The configuration shown in FIG. 1 being described above, in the description which follows, only differences in configuration compared to the configuration shown in FIG. 1 are highlighted.

In the example of FIG. 2, the supply network 1 according to the first transition configuration is shown.

The circuit breaker 28 is in the open position. For example, the circuit breaker 28 is configured to be tilted to the open position manually by an operator. In another example, the circuit breaker 28 is configured to be controlled automatically by the relay 56 being connected to a modification system, not shown, of the supply network 1. The circuit breaker 28 is for example controlled in the open position, in particular in order to preparing a subsequent electrical separation of the mesh 4 of the first and second power source S1, S2.

The bar 14 is thus not supplied. Equipment connected to the bar 14 is no longer supplied. To replenish the bar 14, for example, the circuit breakers 30 and 32 are switched, automatically or manually, in the closed position and the bar 14 thus supplied by the second power source S2, as illustrated in FIG. 3.

In the example of FIG. 3, the supply network 1 according to the second transition configuration is shown.

The circuit breakers 30 and 32 are in the closed position and only the circuit breaker 28 is in the open position.

The circuit breaker 28 is associated with relay 56, of the pair 72 of relays.

The local bar of relay 56, that is to say the bar 14, supplied by the second power source S2, is at a high voltage level.

The remote bar of relay 56, that is to say the bar 12, supplied by the first power source S1, is at a high voltage level.

In addition, the circuit breaker 26 associated with the other relay 54 of the pair 72 of relays is in the closed position.

In such a configuration, in particular, the relay 56 is able to acquire the value of the voltage level on the local bar 14, which in this configuration is a high voltage level.

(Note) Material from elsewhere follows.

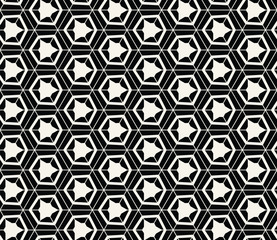Triangle seamless pattern background vector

Furthermore, the relay 56 is able to acquire the value of the voltage level on the remote bar 12, which in this configuration is a high voltage level. For example, the relay 56 is able to receive this value from the other relay 54, measured by this other relay 54 and transmitted via the link 82.

The relay 56 is also configured to acquire the position of the circuit breaker 28 associated with the relay 56, which in this configuration is the open position, and to acquire the position of the circuit breaker 26 associated with the other relay 54 of the pair 72 of relays, by example measured by this other relay 54 and transmitted via the link 82.

In such a configuration, the circuit breaker 28 associated with the relay 56 is in the open position, the circuit breaker 26 associated with the other relay 54 of the pair 72 of relays in the closed position, the high voltage level being measured on the local bar 14, and the high voltage level being measured on the remote bar 12, the relay 56 is able to configure the circuit breaker 28 associated with this relay 56 in the locked configuration.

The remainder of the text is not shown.